On Wed, Mar 5, 2014 at 8:03 PM, justin williams
<justin.williams2 at gmail.com>wrote:

> However, just do the best you can, and enjoy yourself.
>
> -----Original Message-----
> From: nabs-l [mailto:nabs-l-bounces at nfbnet.org] On Behalf Of Loren 
> Wakefield
> Sent: Wednesday, March 05, 2014 9:55 PM
> To: 'National Association of Blind Students mailing list'; 
> jsoro620 at gmail.com
> Subject: Re: [nabs-l] Social skills and blindness
>
> To me, if I ask someone to help with the buffett, than I am still in 
> control of the situation.  That is part of independence to me.  

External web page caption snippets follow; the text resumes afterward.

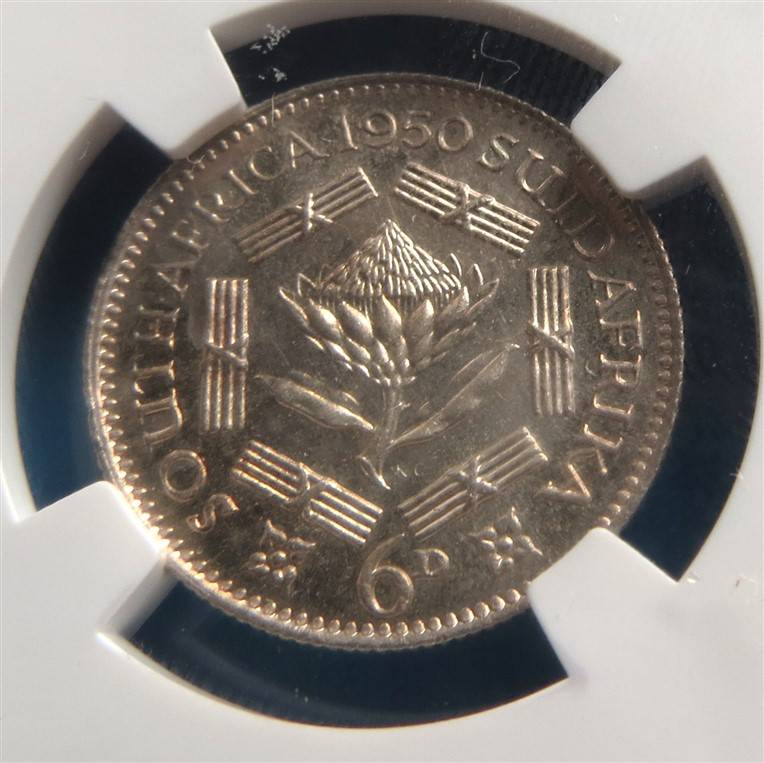1950 SA 6d Sixpence Silver NGC PF61 Mintage : 500
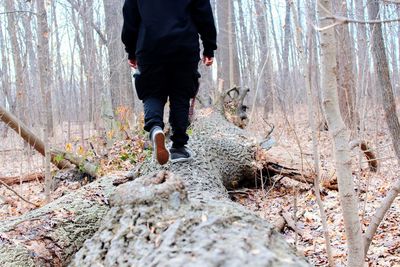 Low section of man walking in forest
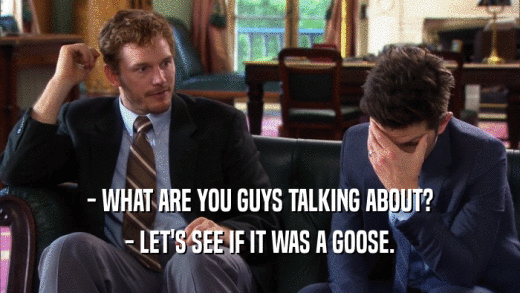- WHAT ARE YOU GUYS TALKING ABOUT? - LET'S SEE IF IT WAS A GOOSE. 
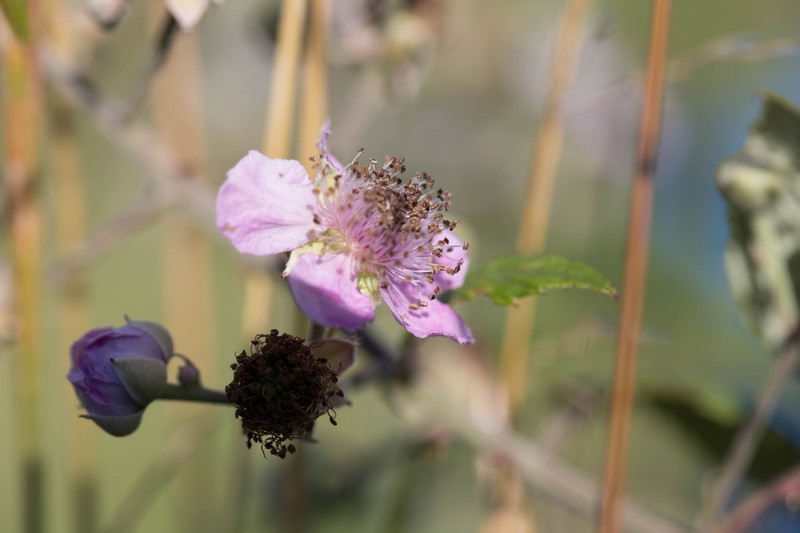 Ronce commune (Rubus fruticosus)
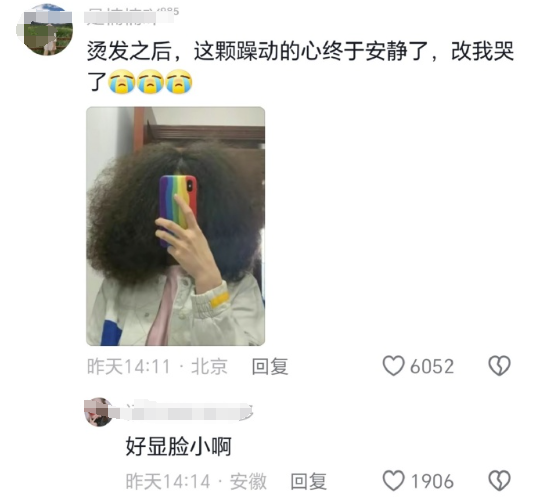 爆火的“辛芷蕾头”，把大学生害惨了！450 / 作者:儿时的回忆 / 帖子ID:313542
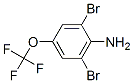 3,5-Dibromo-4-aminotrifluoromethoxybenzene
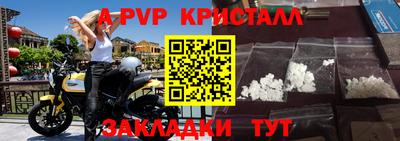индика Бийск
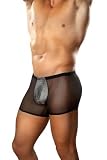 1st Fantasies Male Power Silver Streak Insert Short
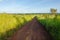 Typical African dirt and mud track with high elephant grass growing on either side, Gabon, Central Africa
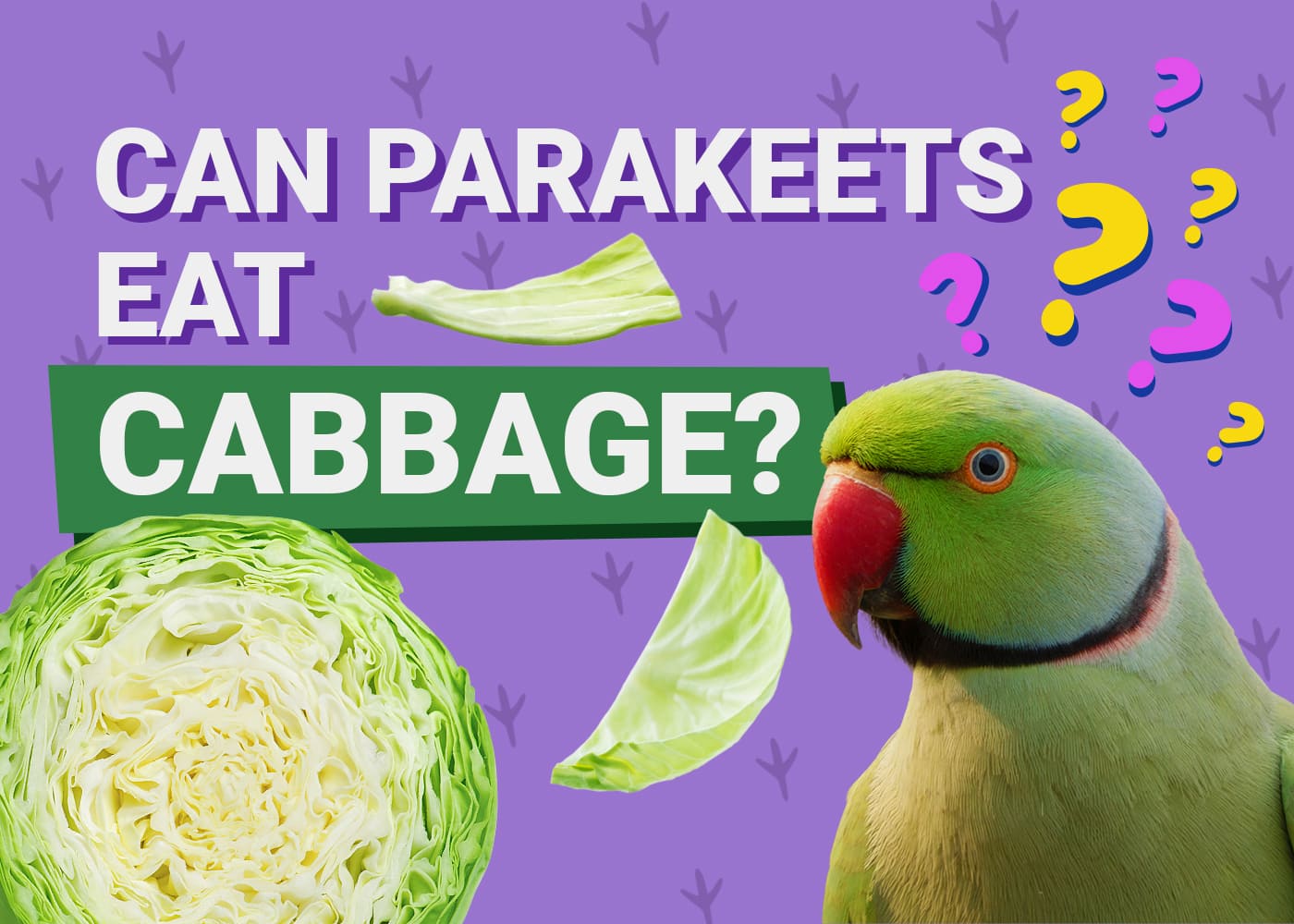PetKeen_Can Parakeet Eat_cabbage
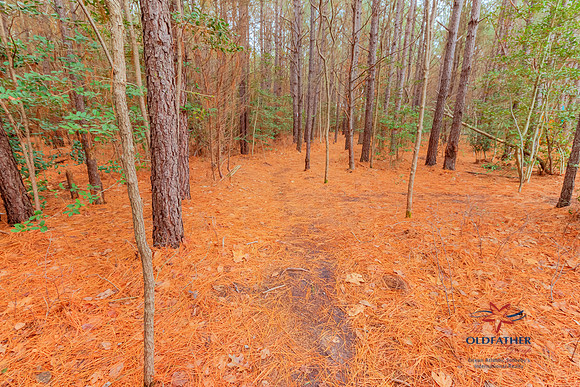 MILLPOND-24755-PRINT-011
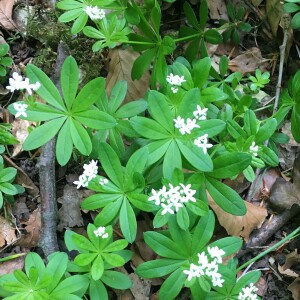 Photographie n°2525139 du taxon Galium odoratum (L.) Scop. [1771]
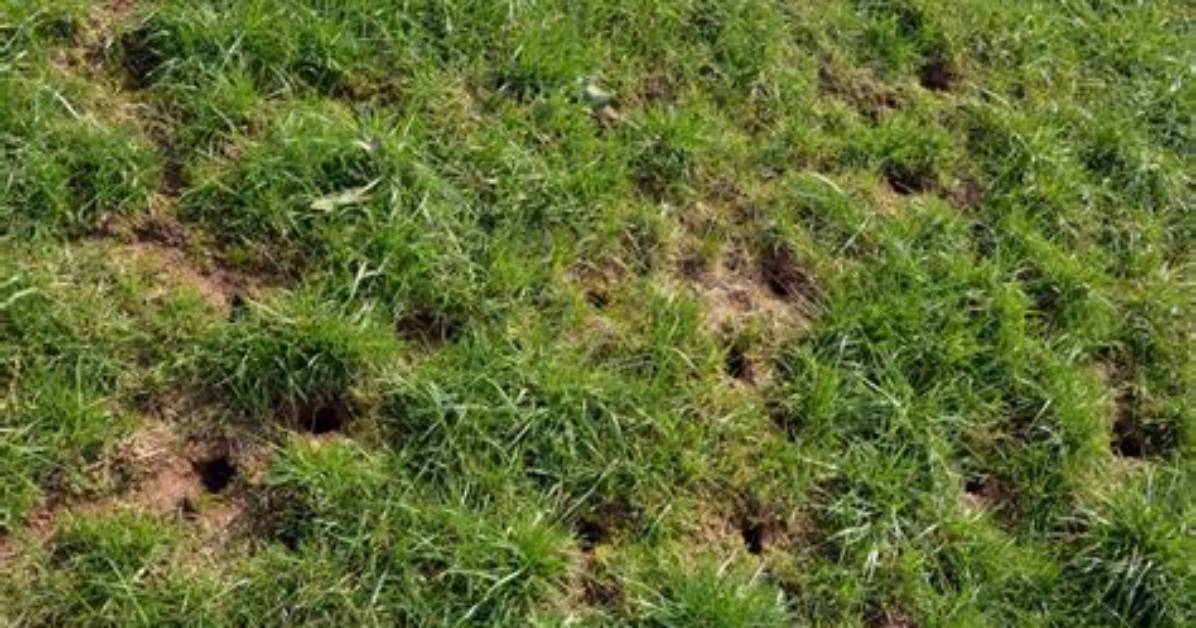 What Causes Small Round Holes in Yard?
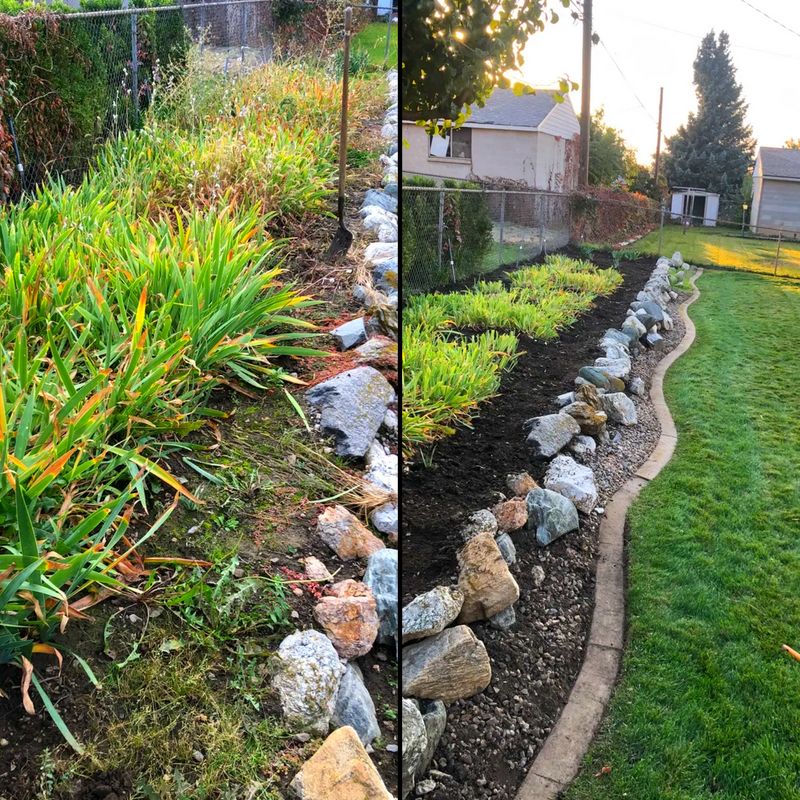 Shrub Trimming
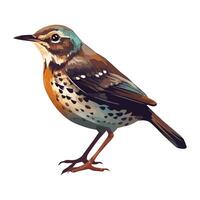 Small spotted songbird perching icon isolated vector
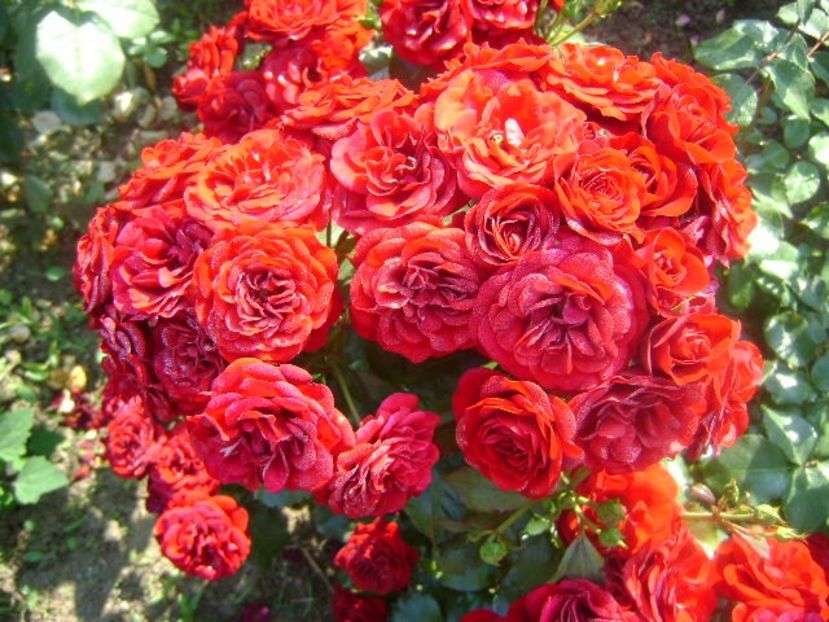  - Lavaglut floribunda Kordes-2019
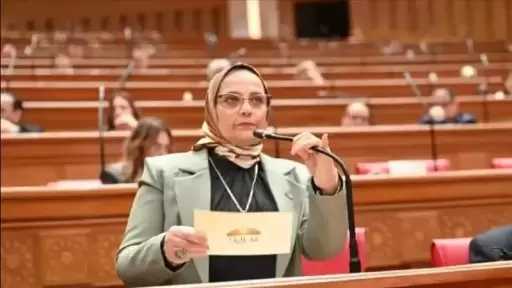 نجلاء العسيلي: نجاح اتفاق غزة لوقف الحرب انتصار جديد للدبلوماسية المصرية بقيادة الرئيس السيسي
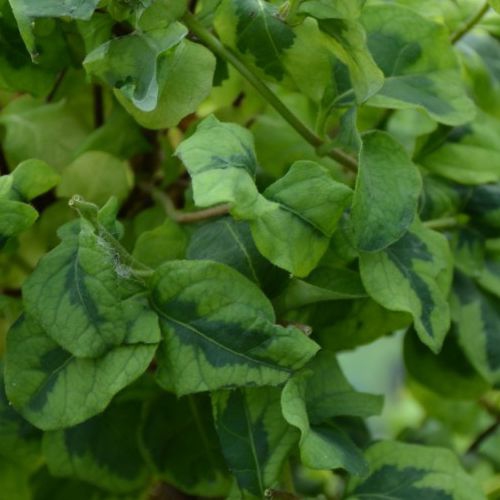 Zemolez japonský ´Kogel-Mogel ´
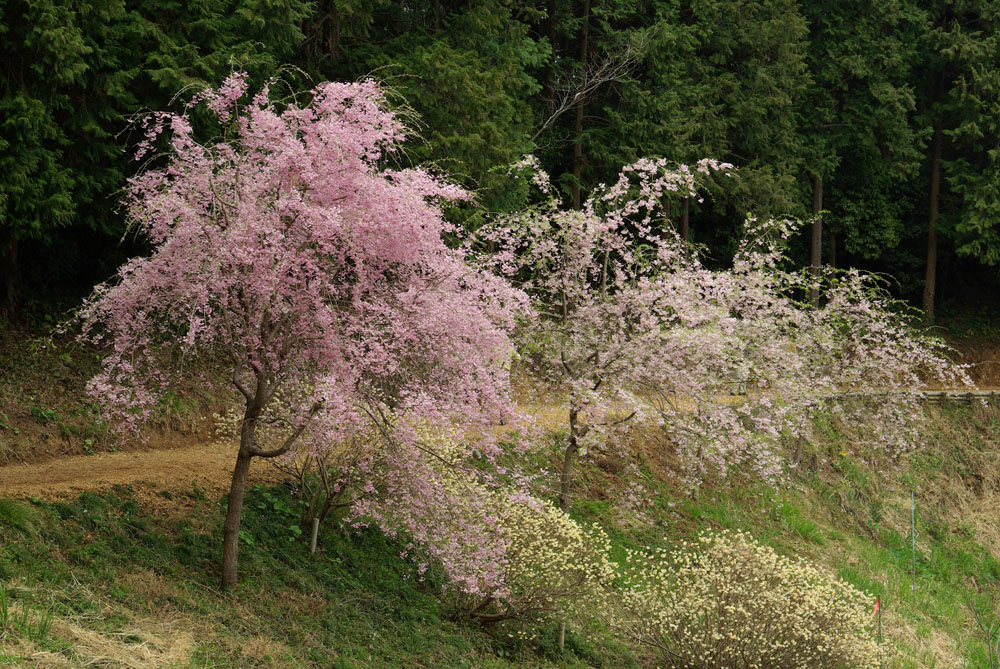 多摩森林科学園の桜･･･（３）_e0110874_23113577.jpg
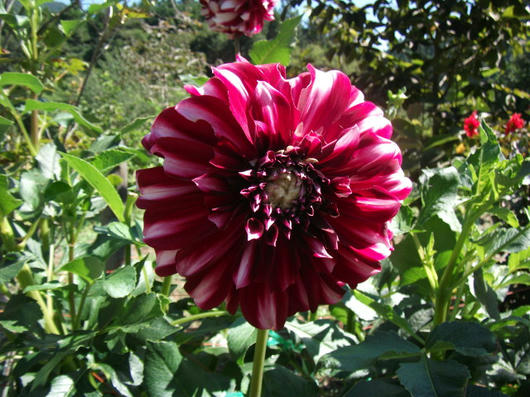 DSCF3672.JPG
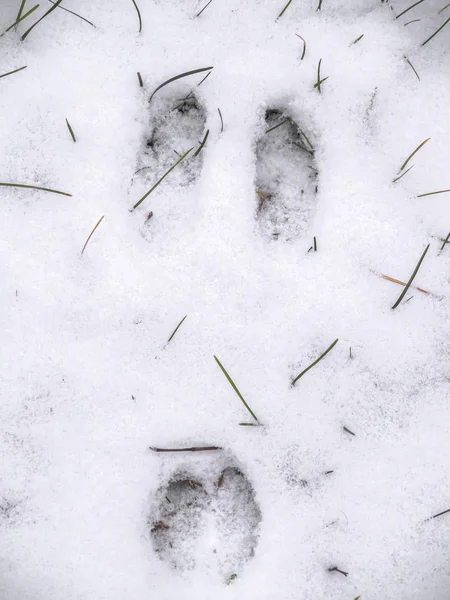 A closeup view of wildlife animal footprints or tracks belonging to a wild rabbit in fresh white snow blanketing the ground in Wisconsin in winter season.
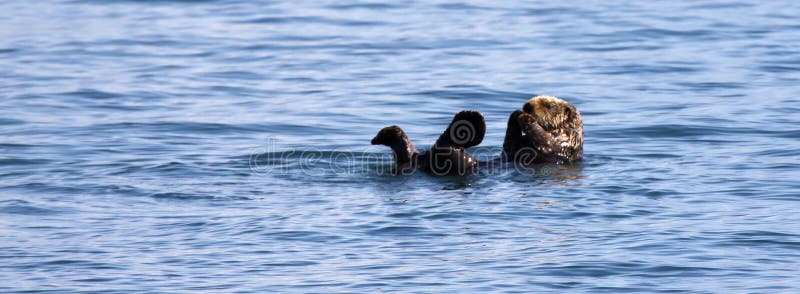 Sea Otter - Kenai Fjords National Park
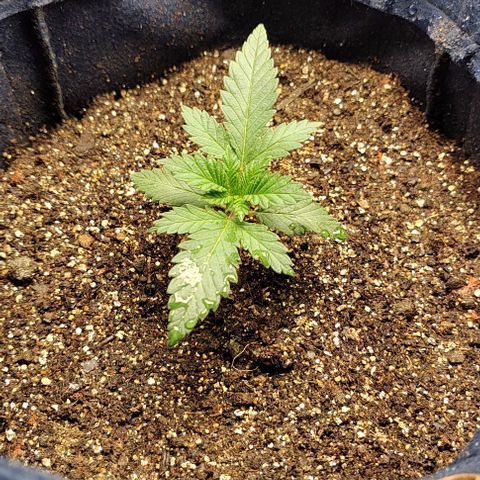 Tangie #1 growlog timeline photo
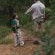Thornybush Game Lodge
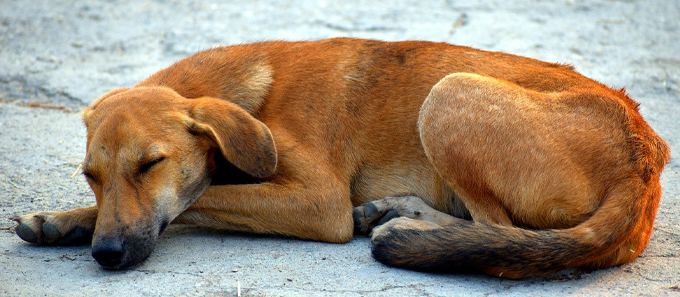 Краевые власти поддержат муниципалитеты Кубани в решении проблем с безнадзорными животными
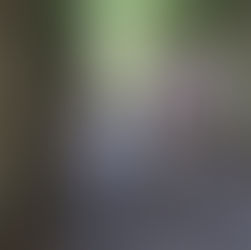 “That’s Inappropriate!” -- Killing the Conversation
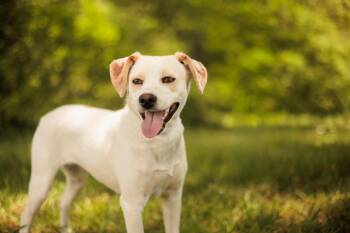 Mixed Breed Dogs Available for Adoption in Gradyville, Kentucky - Stella Mae | PetCurious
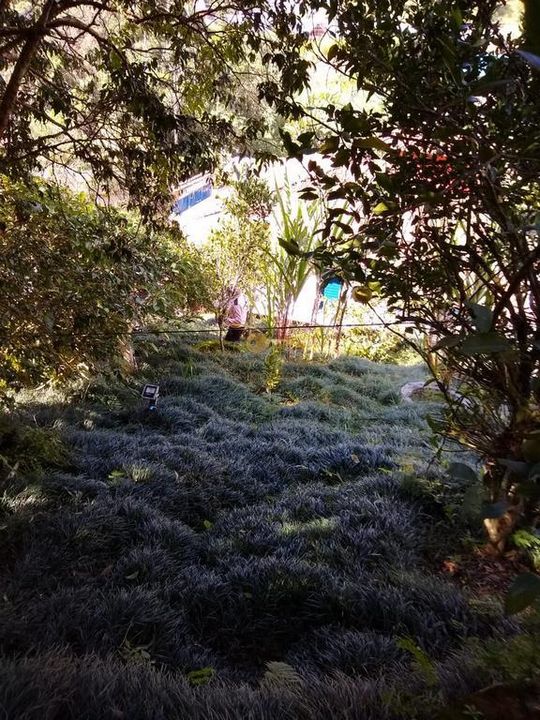 Casa à venda em Albuquerque, Teresópolis - RJ - Foto 7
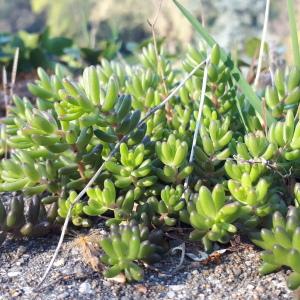 Photographie n°2473152 du taxon Sedum album L. [1753]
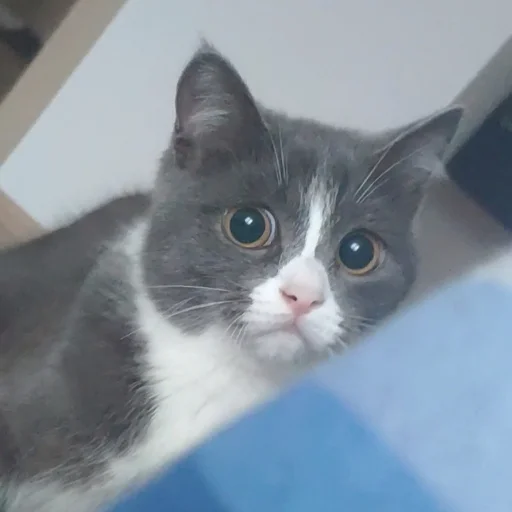 🧐 Стикер «KikoCAT» для Telegram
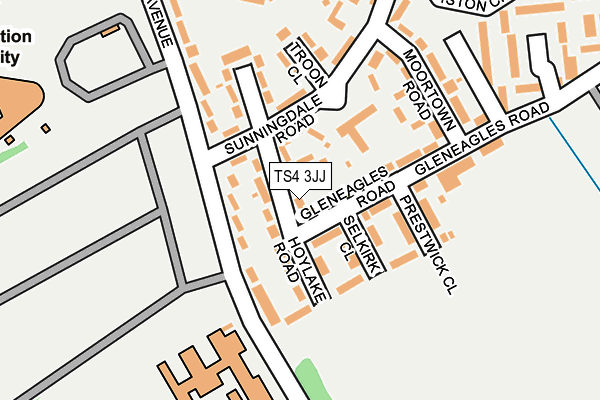 TS4 3JJ map - OS OpenMap – Local (Ordnance Survey)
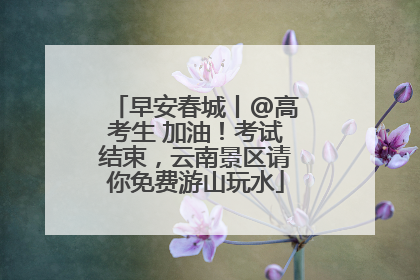早安春城丨@高考生 加油！考试结束，云南景区请你免费游山玩水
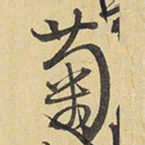 王铎菊书法图片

> Because of other health issues, I seldom carry my plate in a public 
> restaurant.
>
> I think that sometimes a le dysfunction of the wonderful federation 
> philosophy is that it makes one feel like if he or she is not a 
> superstar, than you are letting down other blind individuals.  Even 
> cDoctor Jernigan walked with someone if it was more productive to do 
> so.  Independence does not mean one is a super human.  If it does, 
> I've failed many times and probably will never achieve it.  And what 
> does it say if you determination to do absolubely everything on your 
> own, stops you from enjoying life or advancing in your career?  Doesn't
that dreffeat the purpose?
>
> Loren
>
>
>
> -----Original Message-----
> From: nabs-l [mailto:nabs-l-bounces at nfbnet.org] On Behalf Of Chris 
> Nusbaum
> Sent: Wednesday, March 05, 2014 8:01 PM
> To: jsoro620 at gmail.com; 'National Association of Blind Students 
> mailing list'
> Subject: Re: [nabs-l] Social skills and blindness
>
> Dear Listers:
>
> Joe, very well said. Regarding buffet lines, sighted people in my 
> experience often ask someone else to load their plate for them, 
> whether a staff member or another person with whom they are eating. 
> This, in fact, is a principle which sighted people tend to follow in 
> many situations--they ask for help when that would best serve their 
> needs at any given time, and they go it alone when that is preferred. 
> I often wonder then why this is a subject with which our community 
> struggles as much as we do. The object of independence for us, I 
> believe, is to function on a level similar to that of our sighted 
> counterparts. If this is true, are we placing unrealistic expectations 
> on ourselves and others? It seems to me that in striving to be
"independent,"
> some of us expect ourselves to be *more* independent than our sighted 
> colleagues. If sighted people ask for someone to load their plate in a 
> buffet, why oughtn't we? Because we are blind and Federationists, 
> should that make us super-independent? Just some food for thought for 
> whatever it's worth.
>
> Chris
>
> -----Original Message-----
> From: nabs-l [mailto:nabs-l-bounces at nfbnet.org] On Behalf Of Joe
> Sent: Wednesday, March 05, 2014 7:49 PM
> To: 'National Association of Blind Students mailing list'
> Subject: Re: [nabs-l] Social skills and blindness
>
> Excellent post, Arielle. I wrote on this subject in my blog. I'll post 
> the relevant portion here:
>
> Speaking for myself, I don't really look forward to buffet lines.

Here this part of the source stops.